I'm not saying that taxes aren't somewhat involved in liberal arts education, but it's a drop in the bucket compared to everything else that taxes pay for, and you'd think that anyone who is willing to say that liberal arts are "very important" wouldn't mind a tiny, TINY percentage of their taxes going to support them. Did I mention "tiny"?

Hey, hey, slow down man! I was just pointing out that tax dollars do go fund college education. Wasn't arguing that it is right/wrong/too much/too little, just pointing out that a component of federal taxes goes to college education.
 

yllus

Elite Member & Lifer
Aug 20, 2000
20,577
432
126
IMHO, as someone who holds a "Liberal Arts" degree, the point is clear: unless you care to get folded back into the education field, as an educator, the career prospects are bleak. Of course, it depends on a few points: do you have background/experience in any other field? do you know anybody of import in some business? or do you know how to market yourself? or do you have interest in pursuing further grad/post-grad education?

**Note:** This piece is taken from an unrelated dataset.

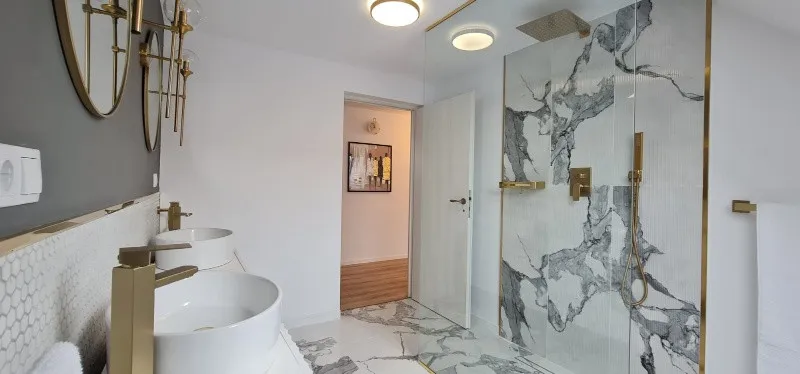 Proprietar vand vila la cheie 351mp construiti , 7 camere, Turnisor intrare 362. 000 euro - Imaginea 5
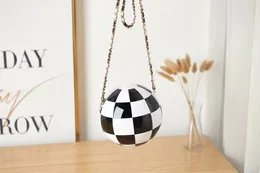 LYX designer coco Minaudiere väska Inkludera Slot Mahine Racking Hjälmväska Bauble kvinna crossbody mini myntväska påse CC kedjeväskor kvällsväska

It's an important field of knowledge, but it's also highly saturated. There are actually a ton of jobs that you can strive for, depending on specific concentration of studies, but there are far more degrees floating out there than there are available jobs. With the rise in collegiate studies, far more have either specifically set out to study "Liberal Arts" or "coasted through school" getting those degrees for any number of reasons; chief among such reasons is the naive thought that holding a degree, any degree, will get you more jobs than not. This may have been true at one point in time, but with the previously mentioned rise in degrees granted, it doesn't help much anymore.

Maybe part of the problem here is liberal arts majors - which you'd actually expect to be incredibly demanding intellectually - are simply not hard enough today? The second year of my program was renowned for causing about 50% of the enrolled students to drop out (too difficult). Maybe a stiffer filter is one of the things that is required.
 

Train

Lifer
Jun 22, 2000
13,587
82
91
www.bing.com
I really didn't have taxes or public assistance as it relates to university admission in mind when I wrote any of this up, but hey, why not keep this going.

While I don't necessarily disagree with the overall sentiment, there is a major problem with your idea of capping the amount of assistance per major. The government would need to index the demand of various majors in order to divide up the total amount of assistance it will provide.

Using unemployment numbers per major is the obvious answer, but that has really strong negative implications and incentives: The government will end up always funding more of what was groundbreaking last year, instead of what will be useful this year (or further into the future). You'll also see significant manipulation of numbers coming out of the various universities, as the administrations will have an incentive to pretend their unemployment numbers are as low as the other departments. Not worth any prospective gains in my book.
Pretty much agree with all of this. My comment was just a thought, and I would probably be against it overall since it would add too much to govt bureaucracy. And too much gaming the system, as you point out. I'd rather see a system wide reduction in govt backing of loans to stop the long run of tuition inflation.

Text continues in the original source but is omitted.